Many researchers also worked on the simple encryption of image for providing security using various encryption algorithms. Due to large data, sharing and presentation of information can be easily done through images. Kai-Hui Lee et al. [13], explained the secure sharing of digital image through media. Rinaldi Munir et al. [14], proposed an asymmetric digital image watermarking along with RC4- permutation and chaotic maps is proposed for the security of digital image and robustness of digital watermark against non-malicious attacks. Darshana Mistry et al. [15], proposed the comparative study of digital image watermarking techniques using Least Significant bits and frequency domain technique using DCT, and DWT image watermarking for still image. Shilpa P.Metkar et al. in [16], proposed novel technique using the combination of watermarking using rational dither modulation technique along with AES technique using 128 bits. However, it is seen that many researcher has also worked on the combination of watermarking and encryption along with Soft computing techniques viz. (i) Neural Network, (ii) Fuzzy Logic, and (iii) Artificial intelligence techniques [17–23]. F.Prez-Gonzalez et al. [24], proposed data hiding technique against scaling attack using rational dither modulation technique. To enhance the security and copyright protection, the visual cryptography algorithms were used along with digital image watermarking.
Process of digital image watermarking
The digital image watermarking process is classified on the basis of data. For this process there are different types of watermark used viz. (i) Visible watermark, (ii) Fragile watermark, (iii) Invisible watermark, (iv) Private watermark, (v)Public watermark, etc. Following Fig. 1 shows the flow and working of Digital watermarking process. The watermarking process can be carried out, based on spatial domain techniques, frequency domain techniques, and various computational intelligence techniques. There are different types of transforms used by many researchers viz. (i) DCT, (ii) DWT, (iii) SVD, and their combination [3–13]. In this research work, one technique from computational intelligence i.e. neural network is used for digital image watermarking of bank cheque. There are different types of neural network. Such as, feedback neural network, back-propagation neural network, feed forward neural network, adaptive neural network, etc. In this work, Back-propagation neural network using Levenberg-Marquardt function implemented [14–17].

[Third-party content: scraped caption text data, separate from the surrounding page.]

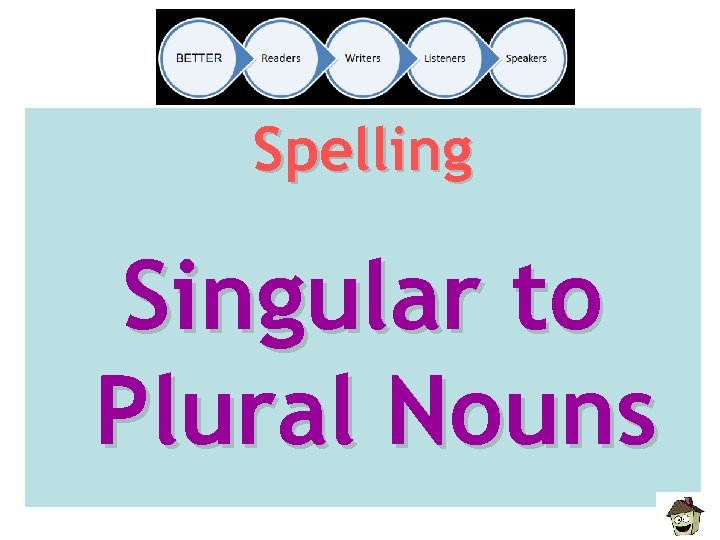 Spelling Singular to Plural Nouns 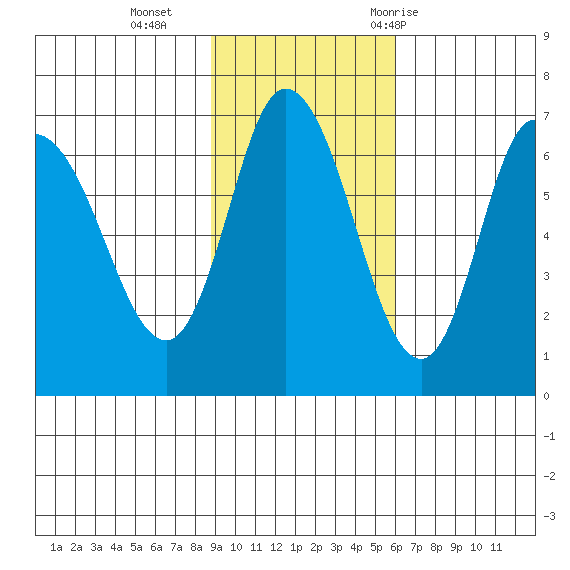East Korovin Island tide chart for Sunday, November 2, 2025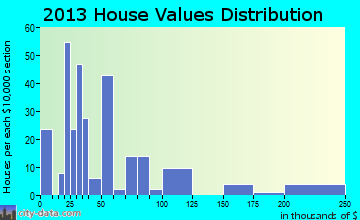 Epps, LA house values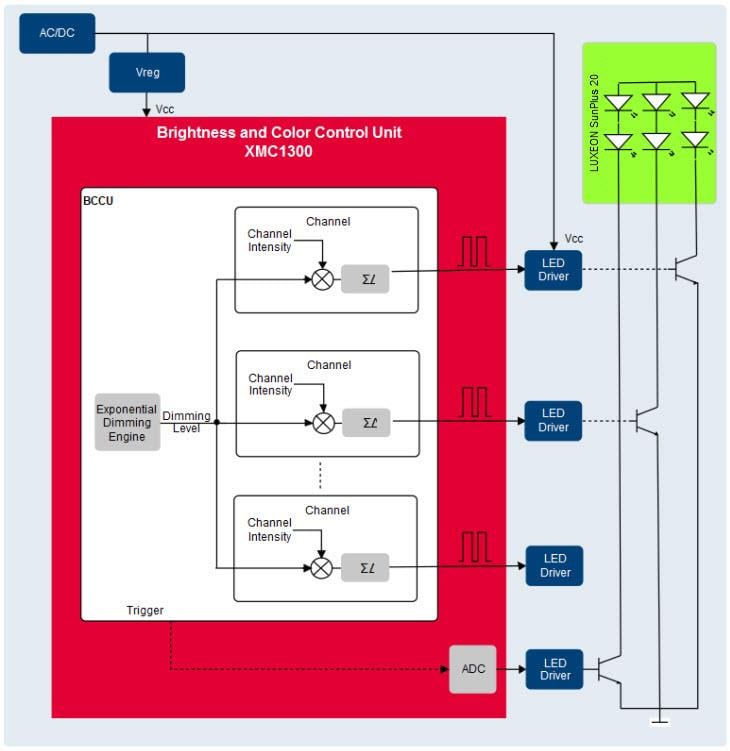 Infineon Technologies Infineon/Lumileds都市農業用照明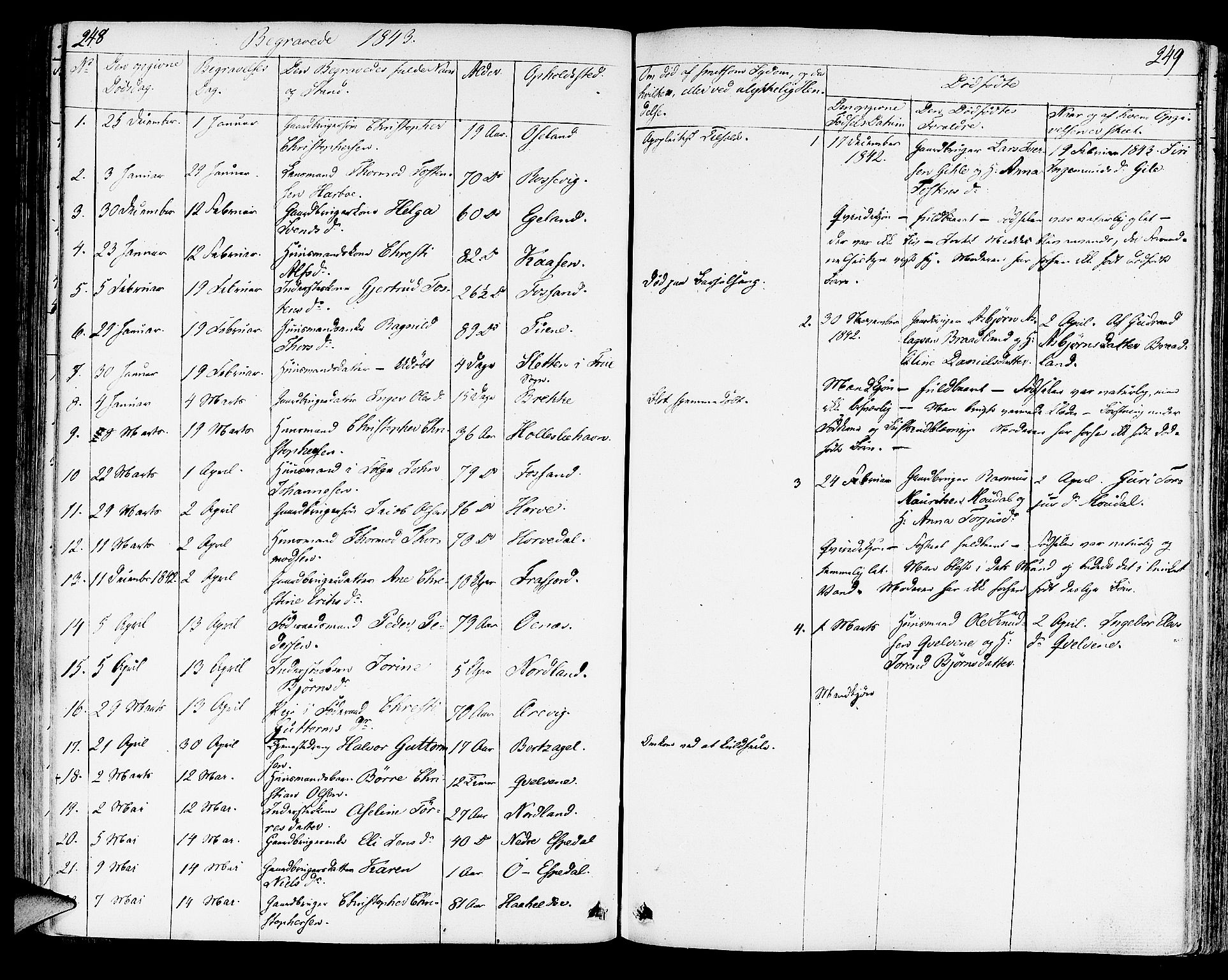 Strand sokneprestkontor, AV/SAST-A-101828/H/Ha/Haa/L0005: Parish register (official) no. A 5, 1833-1854, p. 248-249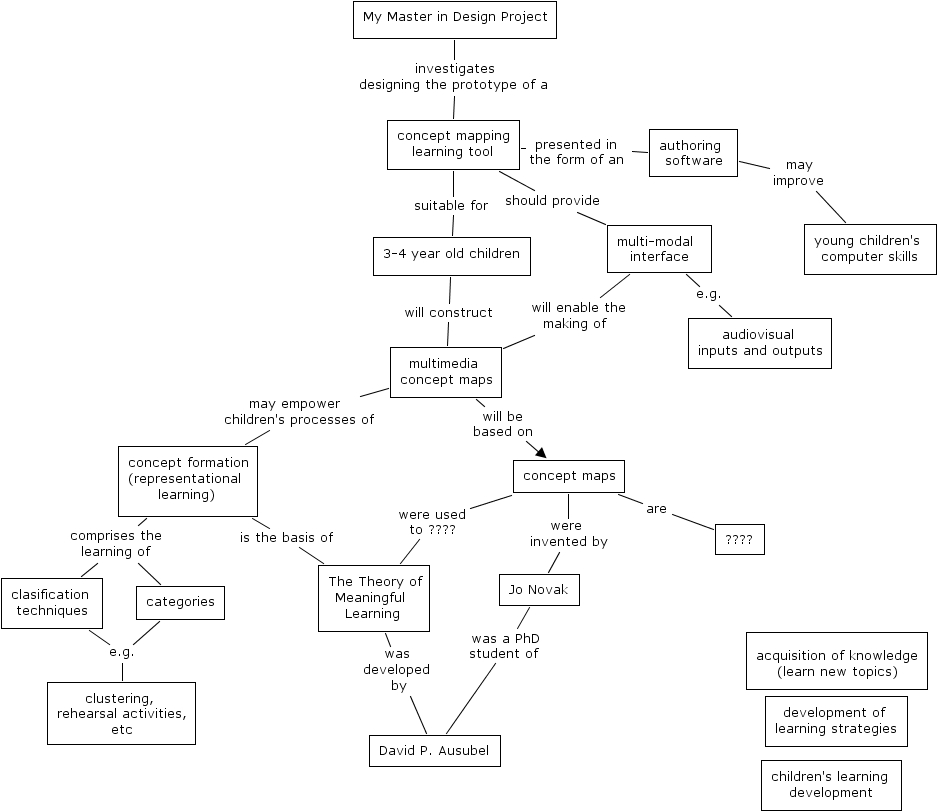 Concept mapping ppt image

Digital image watermarking process.
The model of learning process of multi-layer neural network employing back propagation algorithm using Levenberg Marquardt function is shown in Fig. 2 (a) and (b). To explain the working of this process, the three layer neural network with two inputs and one output, is used. To train the neural network, it requires training data set. The training data set consists of input signals (x1 and x2) assigned with corresponding target (desired output) z. The network training is an iterative process. In each iteration weights coefficients of nodes are modified using new data from training data set [3–20]. Each training step starts with forcing both input signals from training set. After this stage, the output signals values for each neuron in each network layer can be determined. In the next step the output signal of the network y is compared with the desired output value (the target), which is found in training data set. The difference is called error signal d of output layer neuron shown in Fig. 3.

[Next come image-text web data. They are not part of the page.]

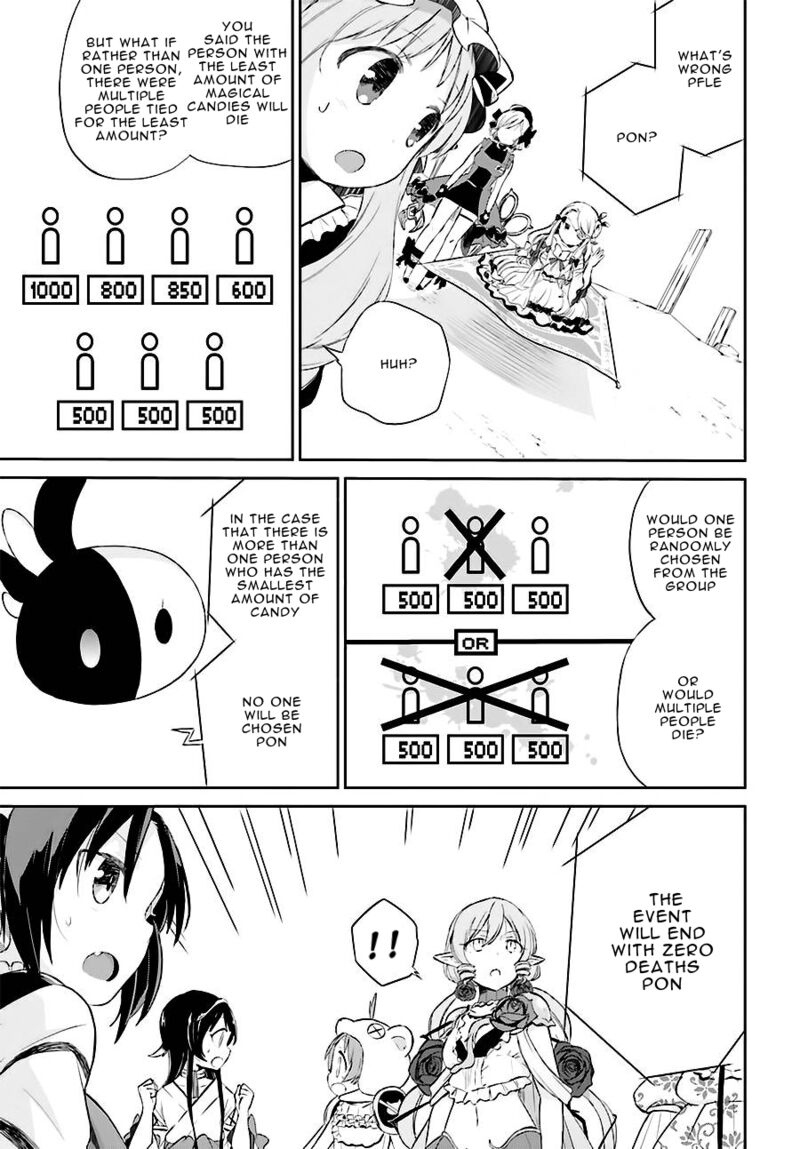 Mahou Shoujo Ikusei Keikaku Restart Chapter 6 Page 17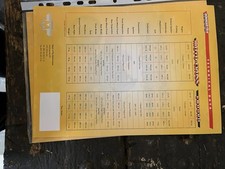 Maico Moto Cross 250 320 500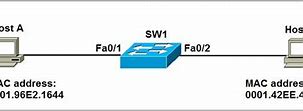 Image result for Switch Mac Address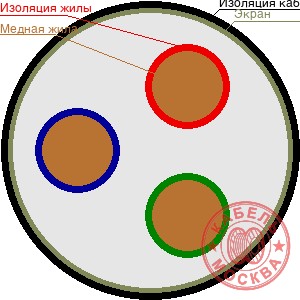 КВВГЭ 37х6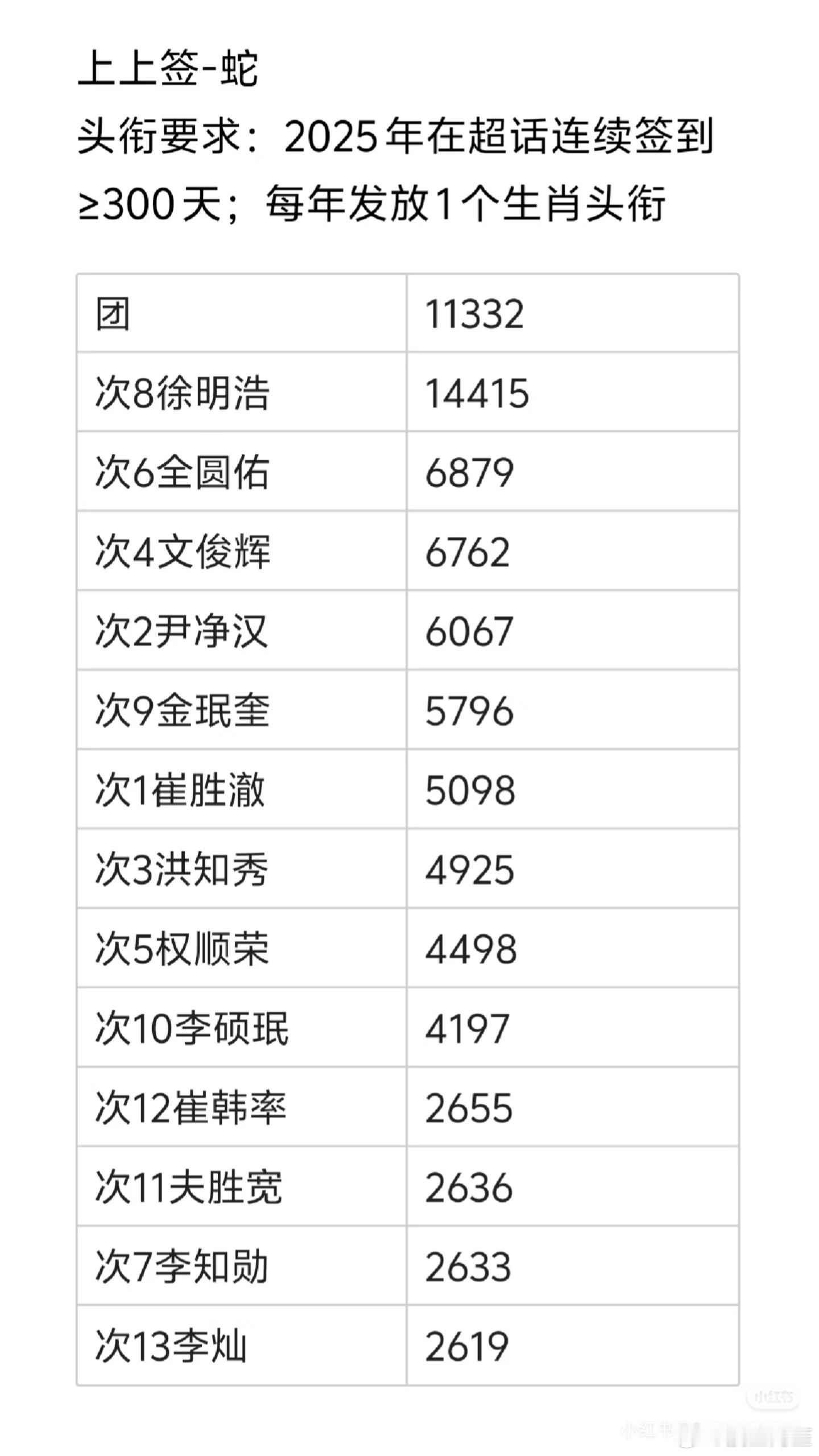 2025年seventeen各成员及团体超话上上签统计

Learning process of multi-layer BPNN Levenberg Marquardt function. (b) Learning process of multi-layer BPNN Levenberg Marquardt function.

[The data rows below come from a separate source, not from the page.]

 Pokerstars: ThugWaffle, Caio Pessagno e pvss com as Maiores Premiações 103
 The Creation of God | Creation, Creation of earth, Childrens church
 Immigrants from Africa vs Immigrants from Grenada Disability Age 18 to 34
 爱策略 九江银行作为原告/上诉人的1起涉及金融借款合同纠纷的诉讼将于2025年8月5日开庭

Signals propagated from output to inputs.
Encryption and decryption techniques faciliates services viz. (i) Integrity, (ii) Security, (iii) Authenticity, (iv) Confidentiality, (v) Message verification and safety, etc., against various active and passive attacks occurs on data intentionally and non-intentionally[5–20]. There are many encryption and decryption algorithms used by researcher in their experiment. Such as, DES, AES, MD5, MD6, Blowfish, Triple DES, Elliptical curve, etc. However, in this research work, an AES technique is used for encryption of digital watermarked image. These combinations of Neural network image watermarking and AES technique using 256 bits key is discussed in this research work. This research is divided into two main algorithms as explained in Section 3 and 4.
Watermark embedding algorithm
The flowchart shown in Fig. 4 explains combined neural network image watermark embedding and 256 bits key AES encryption algorithm. The steps of executions are:- Read bank cheque image. The blue color plane of bank cheque image is extracted. After extraction process, image is divided into 8×8 blocks for performing Haar DWT on it. The watermark logo image is read for creating its formation in vector form of zero’s & one’s. The two different PN_Sequence of 0’s & 1’s are created using gain factor. These PN_Sequence is trained using multi-layer BPNN Levenberg Marquardt function. The watermark embedding process is carried out using neural network on Haar DWT bank cheque image to obtained watermarked cheque image. AES technique is applied on watermarked cheque image using 256 bit key. Finally, combined neural network watermarked and encrypted cheque image is obtained.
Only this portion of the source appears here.